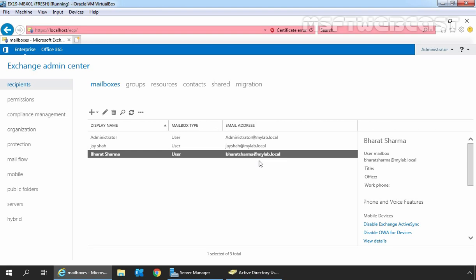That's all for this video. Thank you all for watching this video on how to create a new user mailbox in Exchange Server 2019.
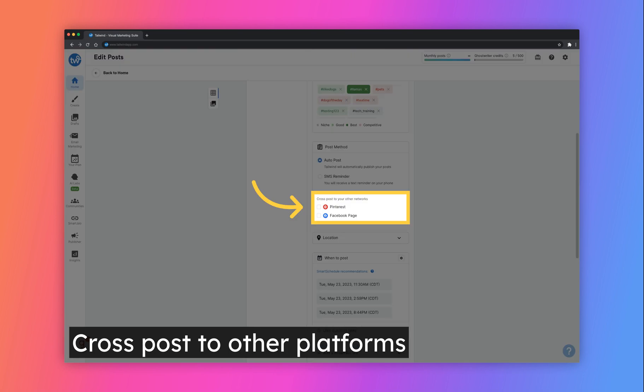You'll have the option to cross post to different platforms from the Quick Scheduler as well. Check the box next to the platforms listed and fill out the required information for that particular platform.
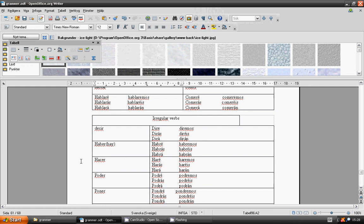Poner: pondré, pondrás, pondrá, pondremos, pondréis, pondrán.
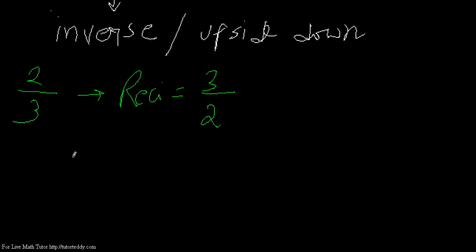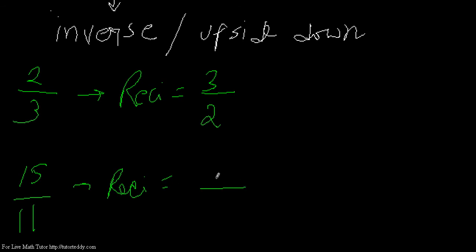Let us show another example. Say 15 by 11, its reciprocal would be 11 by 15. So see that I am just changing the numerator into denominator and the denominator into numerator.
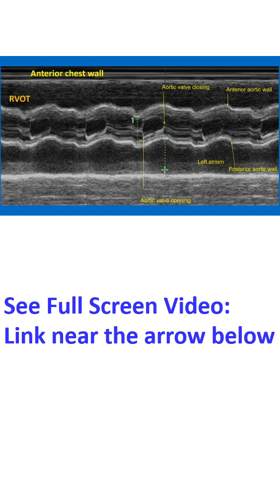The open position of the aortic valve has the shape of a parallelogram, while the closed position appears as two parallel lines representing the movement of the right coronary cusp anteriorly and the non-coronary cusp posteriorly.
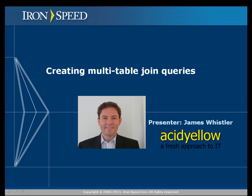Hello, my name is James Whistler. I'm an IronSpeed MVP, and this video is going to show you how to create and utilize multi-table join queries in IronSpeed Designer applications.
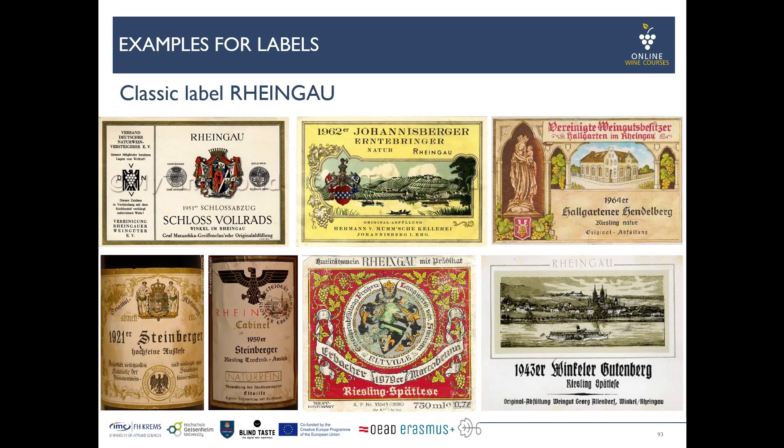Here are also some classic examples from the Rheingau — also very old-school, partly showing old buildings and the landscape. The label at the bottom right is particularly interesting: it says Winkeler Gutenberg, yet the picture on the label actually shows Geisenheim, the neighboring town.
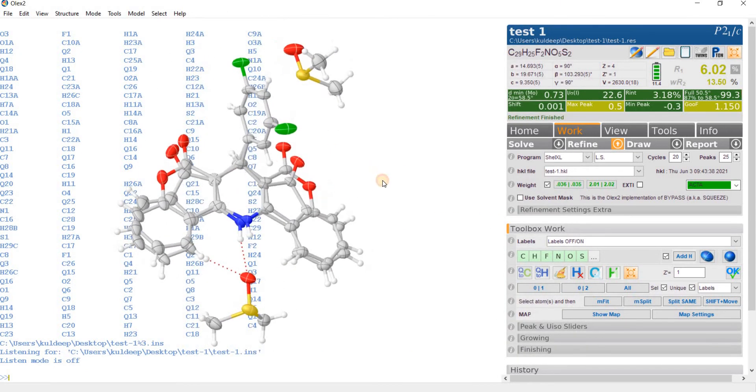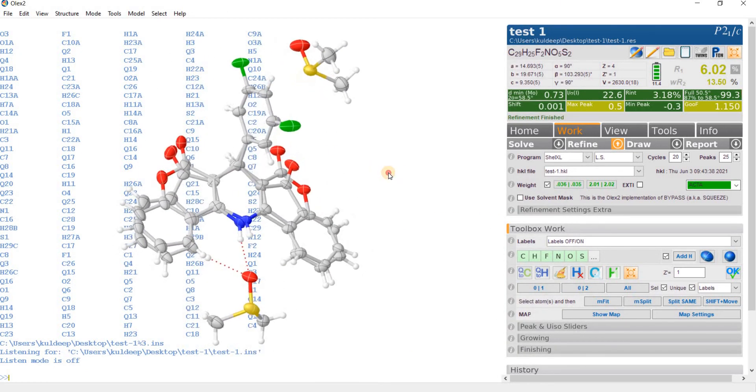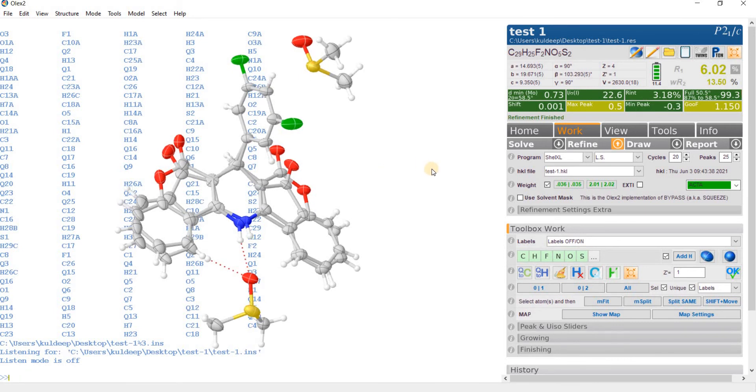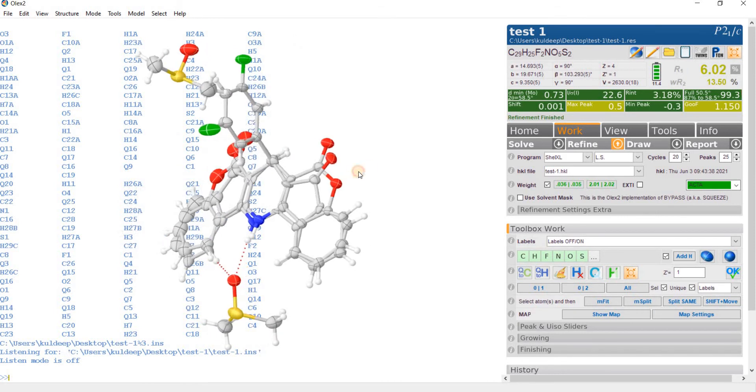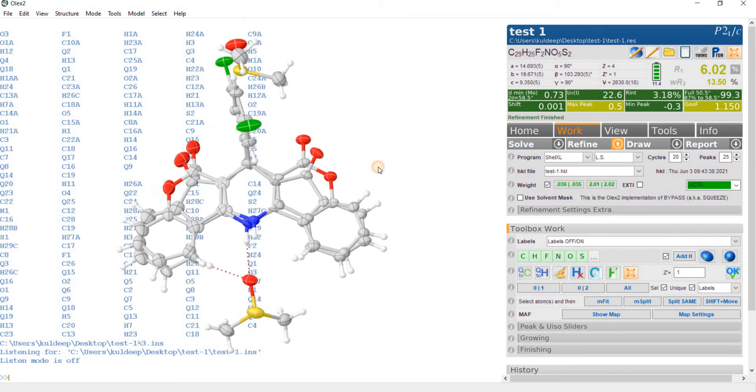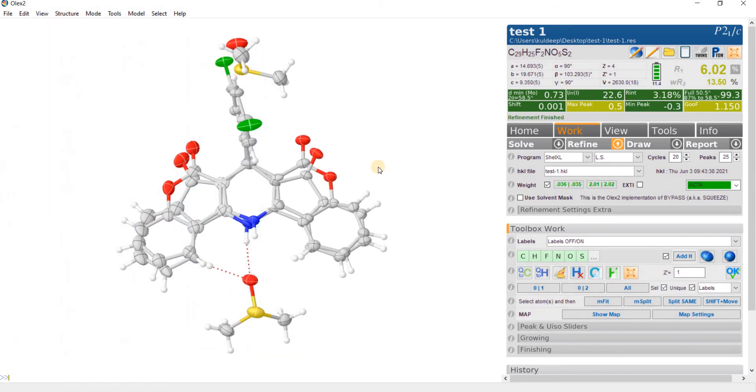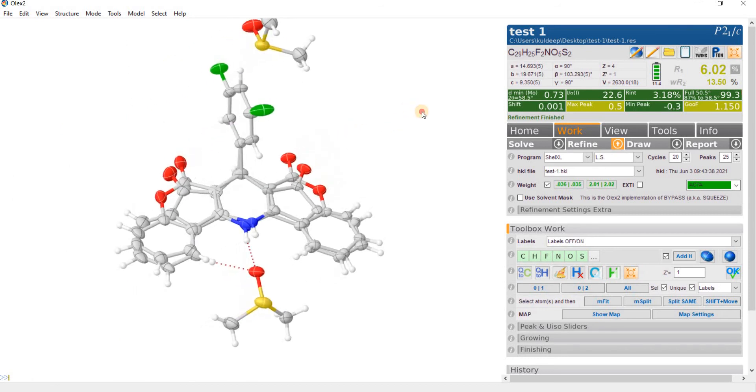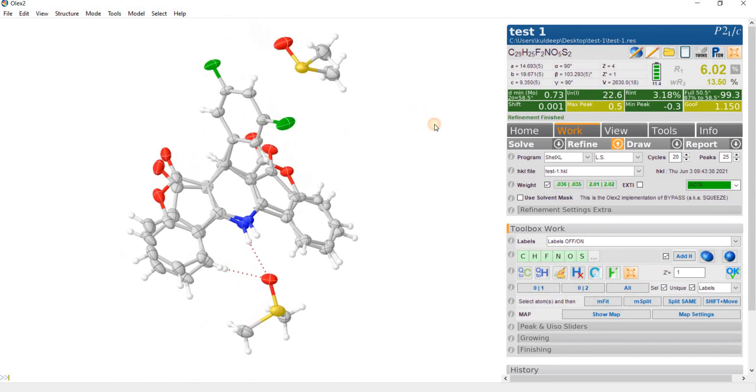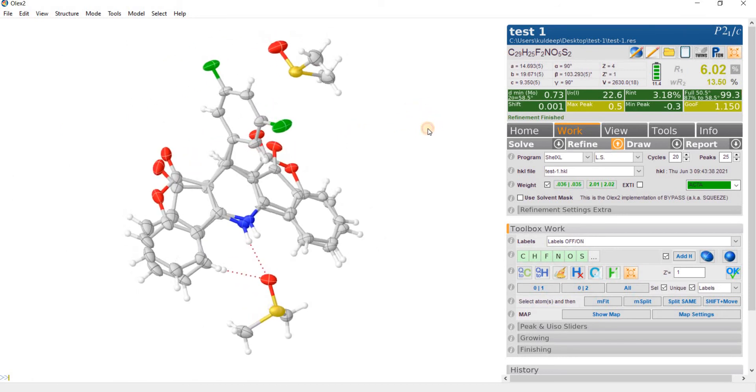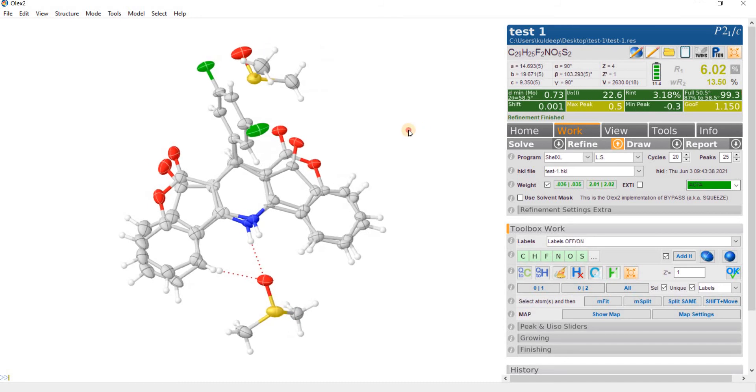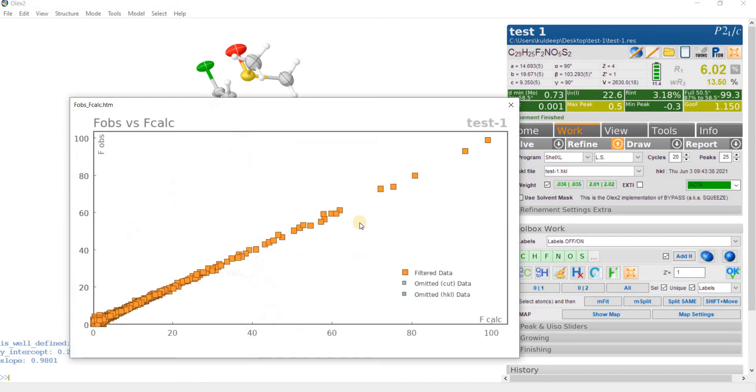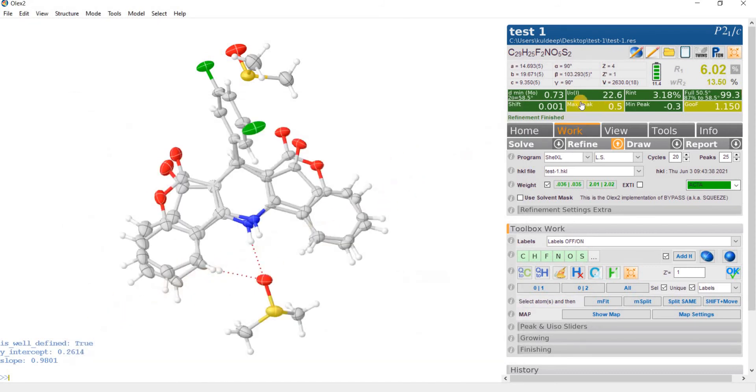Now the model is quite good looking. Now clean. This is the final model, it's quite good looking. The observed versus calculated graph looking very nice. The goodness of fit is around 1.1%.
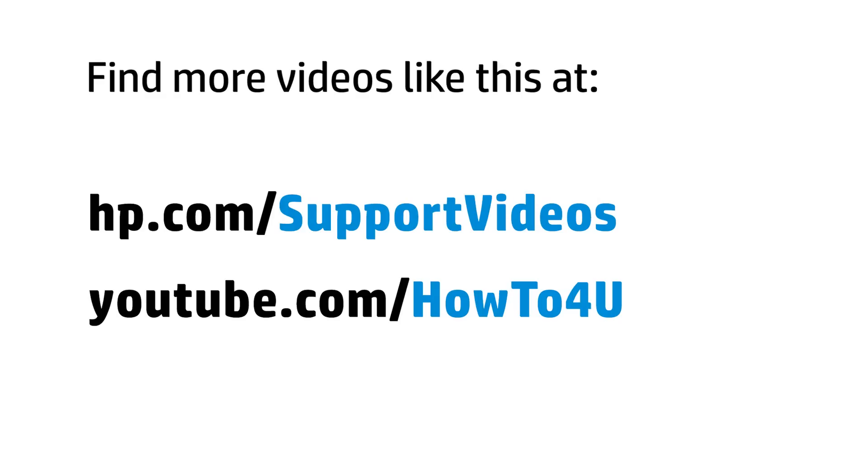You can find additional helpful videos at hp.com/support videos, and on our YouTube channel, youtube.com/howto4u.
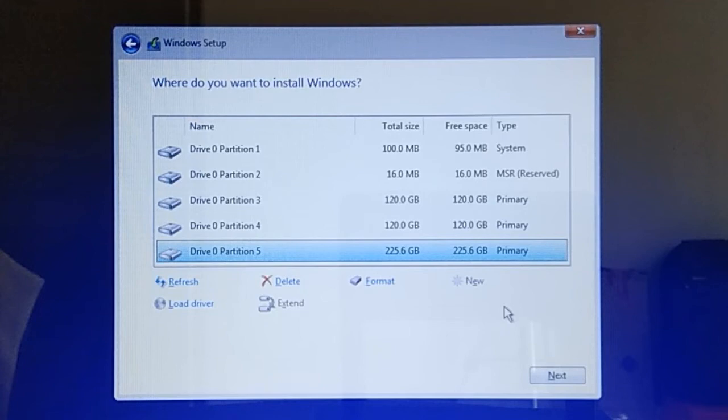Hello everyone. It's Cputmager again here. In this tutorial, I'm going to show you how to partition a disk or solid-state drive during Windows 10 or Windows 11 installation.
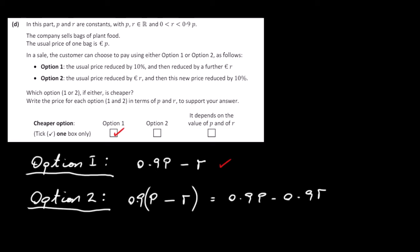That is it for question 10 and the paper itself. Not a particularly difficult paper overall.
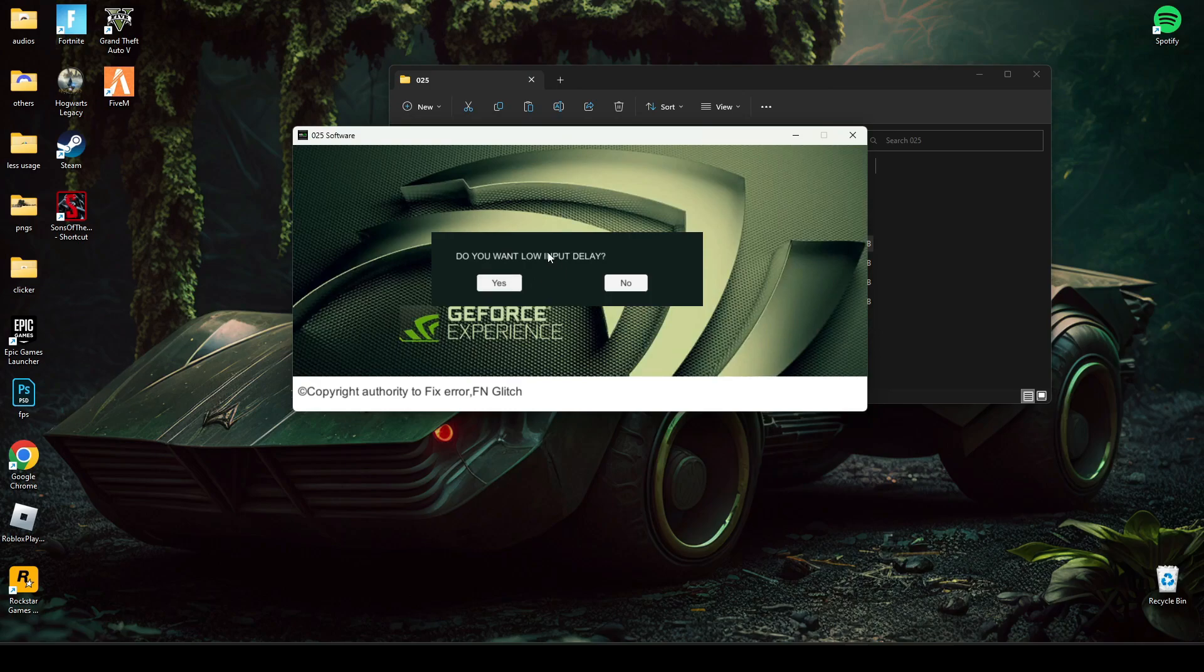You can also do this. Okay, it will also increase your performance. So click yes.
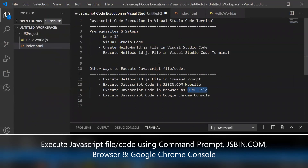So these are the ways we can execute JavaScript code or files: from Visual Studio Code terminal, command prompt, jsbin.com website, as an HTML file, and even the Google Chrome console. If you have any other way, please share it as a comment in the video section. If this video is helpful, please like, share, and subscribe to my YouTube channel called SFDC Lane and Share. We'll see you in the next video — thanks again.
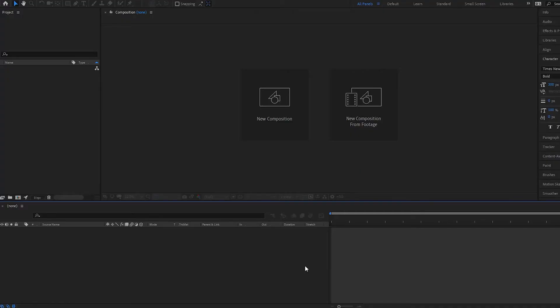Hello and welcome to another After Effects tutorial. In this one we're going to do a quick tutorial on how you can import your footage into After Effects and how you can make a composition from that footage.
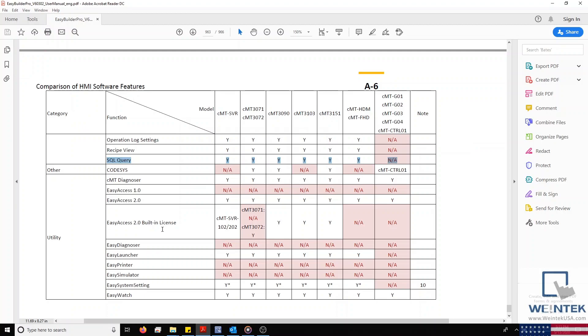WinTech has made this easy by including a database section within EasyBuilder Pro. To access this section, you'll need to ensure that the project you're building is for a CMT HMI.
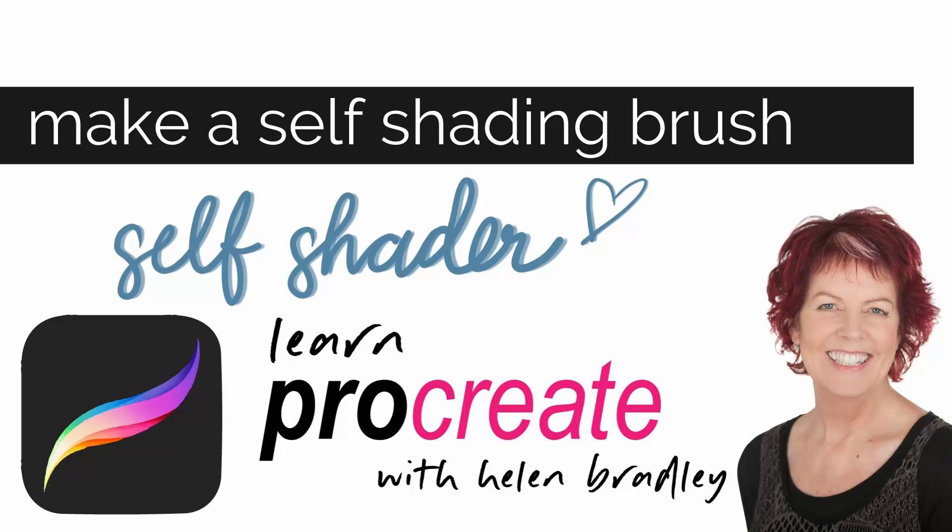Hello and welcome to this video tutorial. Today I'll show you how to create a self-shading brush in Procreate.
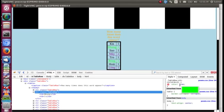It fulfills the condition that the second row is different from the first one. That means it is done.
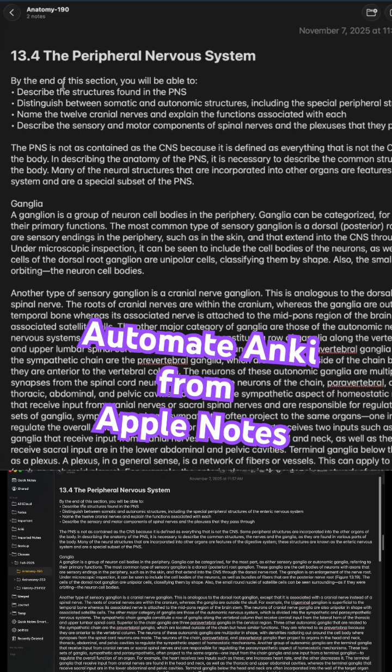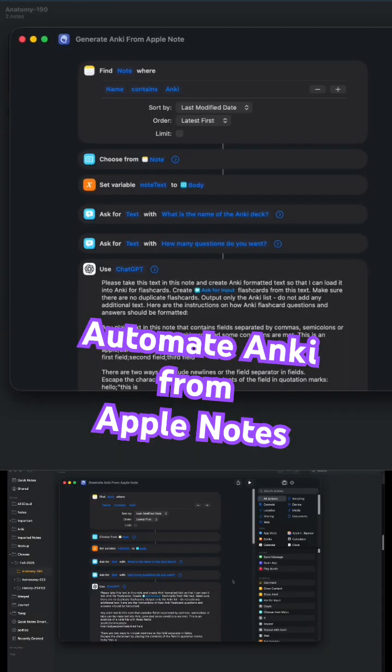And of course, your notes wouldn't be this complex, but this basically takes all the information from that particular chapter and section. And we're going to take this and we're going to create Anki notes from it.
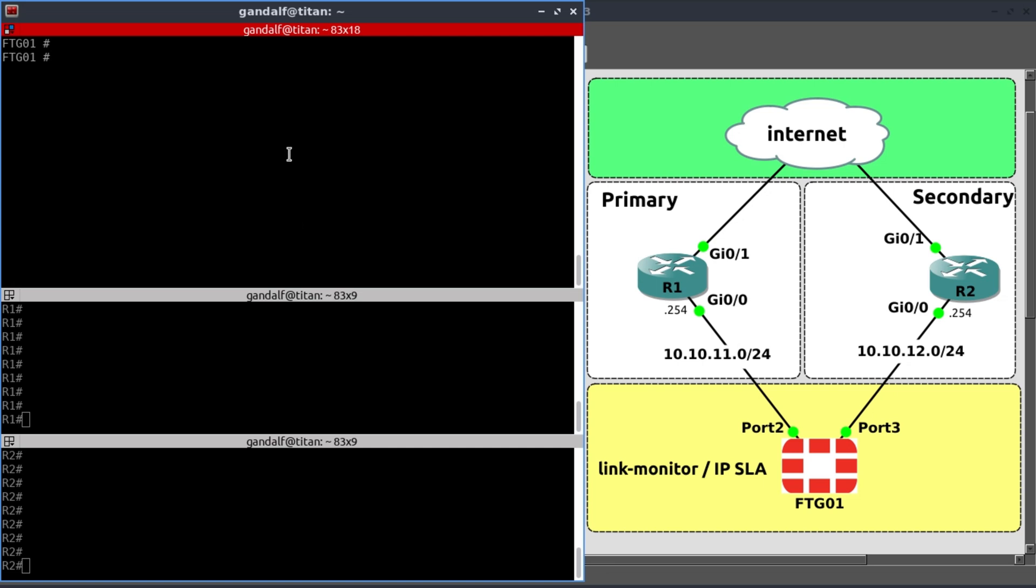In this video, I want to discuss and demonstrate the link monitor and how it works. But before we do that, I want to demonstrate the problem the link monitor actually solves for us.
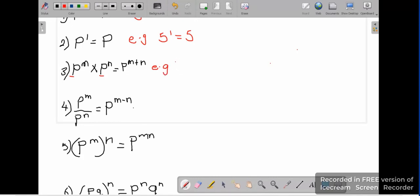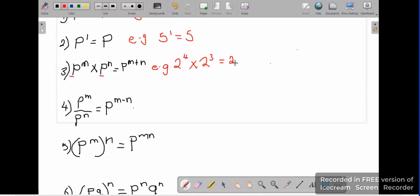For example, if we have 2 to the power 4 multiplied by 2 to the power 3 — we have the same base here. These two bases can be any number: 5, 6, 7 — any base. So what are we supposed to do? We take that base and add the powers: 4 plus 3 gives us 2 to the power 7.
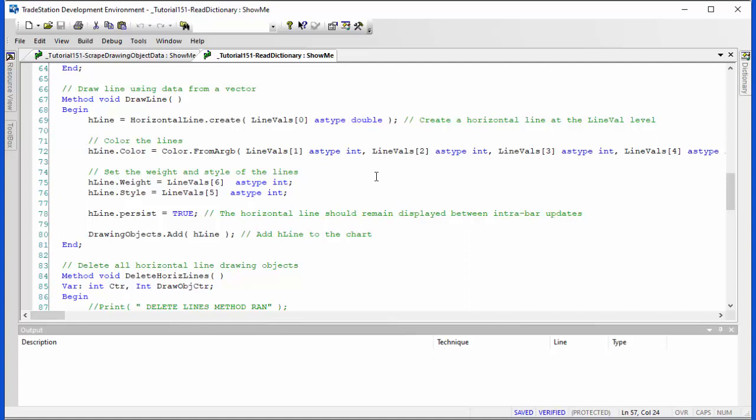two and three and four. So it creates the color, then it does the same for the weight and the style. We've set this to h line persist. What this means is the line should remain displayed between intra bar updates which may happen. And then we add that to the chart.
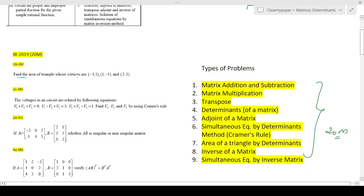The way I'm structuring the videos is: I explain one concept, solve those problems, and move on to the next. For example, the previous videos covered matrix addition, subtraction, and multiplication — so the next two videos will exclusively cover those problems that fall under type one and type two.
============
# [What is expected]
Repeat, exactly and in full, every entry in the data, but not the pictures.

# [The completed task]
That's all for this video. Thank you all for watching this video on how to create a new user mailbox in Exchange Server 2019.
You'll have the option to cross post to different platforms from the Quick Scheduler as well. Check the box next to the platforms listed and fill out the required information for that particular platform.
Poner: pondré, pondrás, pondrá, pondremos, pondréis, pondrán.
Let us show another example. Say 15 by 11, its reciprocal would be 11 by 15. So see that I am just changing the numerator into denominator and the denominator into numerator.
The open position of the aortic valve has the shape of a parallelogram, while the closed position appears as two parallel lines representing the movement of the right coronary cusp anteriorly and the non-coronary cusp posteriorly.
Hello, my name is James Whistler. I'm an IronSpeed MVP, and this video is going to show you how to create and utilize multi-table join queries in IronSpeed Designer applications.
Here are also some classic examples from the Rheingau — also very old-school, partly showing old buildings and the landscape. The label at the bottom right is particularly interesting: it says Winkeler Gutenberg, yet the picture on the label actually shows Geisenheim, the neighboring town.
Now the model is quite good looking. Now clean. This is the final model, it's quite good looking. The observed versus calculated graph looking very nice. The goodness of fit is around 1.1%.
You can find additional helpful videos at hp.com/support videos, and on our YouTube channel, youtube.com/howto4u.
Hello everyone. It's Cputmager again here. In this tutorial, I'm going to show you how to partition a disk or solid-state drive during Windows 10 or Windows 11 installation.
That is it for question 10 and the paper itself. Not a particularly difficult paper overall.
You can also do this. Okay, it will also increase your performance. So click yes.
So these are the ways we can execute JavaScript code or files: from Visual Studio Code terminal, command prompt, jsbin.com website, as an HTML file, and even the Google Chrome console. If you have any other way, please share it as a comment in the video section. If this video is helpful, please like, share, and subscribe to my YouTube channel called SFDC Lane and Share. We'll see you in the next video — thanks again.
Hello and welcome to another After Effects tutorial. In this one we're going to do a quick tutorial on how you can import your footage into After Effects and how you can make a composition from that footage.
WinTech has made this easy by including a database section within EasyBuilder Pro. To access this section, you'll need to ensure that the project you're building is for a CMT HMI.
Hello and welcome to this video tutorial. Today I'll show you how to create a self-shading brush in Procreate.
It fulfills the condition that the second row is different from the first one. That means it is done.
And of course, your notes wouldn't be this complex, but this basically takes all the information from that particular chapter and section. And we're going to take this and we're going to create Anki notes from it.
In this video, I want to discuss and demonstrate the link monitor and how it works. But before we do that, I want to demonstrate the problem the link monitor actually solves for us.
For example, if we have 2 to the power 4 multiplied by 2 to the power 3 — we have the same base here. These two bases can be any number: 5, 6, 7 — any base. So what are we supposed to do? We take that base and add the powers: 4 plus 3 gives us 2 to the power 7.
two and three and four. So it creates the color, then it does the same for the weight and the style. We've set this to h line persist. What this means is the line should remain displayed between intra bar updates which may happen. And then we add that to the chart.
The way I'm structuring the videos is: I explain one concept, solve those problems, and move on to the next. For example, the previous videos covered matrix addition, subtraction, and multiplication — so the next two videos will exclusively cover those problems that fall under type one and type two.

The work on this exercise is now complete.